Compaction of Scylla

Compaction

This document gives a high level overview of Compaction, focusing on what compaction is, and how it works. There is a different document that covers the CQL syntax for setting a compaction strategy. There is also another document, Compaction Strategy Matrix, that covers how to decide which strategy works best.

How Scylla Writes Data

Scylla’s write path follows the well-known Log Structured Merge (LSM) design for efficient writes that are immediately available for reads. Scylla is not the first project to use this method. Popular projects to use this method include Lucene Search Engine, Google BigTable, and Apache Cassandra.

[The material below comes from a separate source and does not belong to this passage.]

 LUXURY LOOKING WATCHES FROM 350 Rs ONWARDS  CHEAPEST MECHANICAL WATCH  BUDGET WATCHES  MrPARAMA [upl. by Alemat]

Scylla writes its updates to a memory table (MemTable), and when that becomes too big, it is flushed to a new file. This file is sorted to make it easy to search and later merge. This is why the tables are known as Sorted String Tables or SSTables.

../_images/write-path-image-memtable-sstable.png

In time, two major problems start to appear. First, data in one SSTable which is later modified or deleted in another SSTable wastes space as both tables are present in the system. Second, when data is split across many SSTables, read requests are processed slower as many SSTables need to be read. Scylla mitigates the second problem by using a bloom filter and other techniques to avoid reading from SSTables that do not include the desired partition. However, as the number of SSTables grows, inevitably so do the number of disk blocks from which we need to read on every read query. For these reasons, as soon as enough SSTables have accumulated, Scylla performs a compaction.

Compaction Overview

Compaction merges several SSTables into new SSTable(s) which contain(s) only the live data from the input SSTables. Merging several sorted files to get a sorted result is an efficient process, and this is the main reason why SSTables are kept sorted.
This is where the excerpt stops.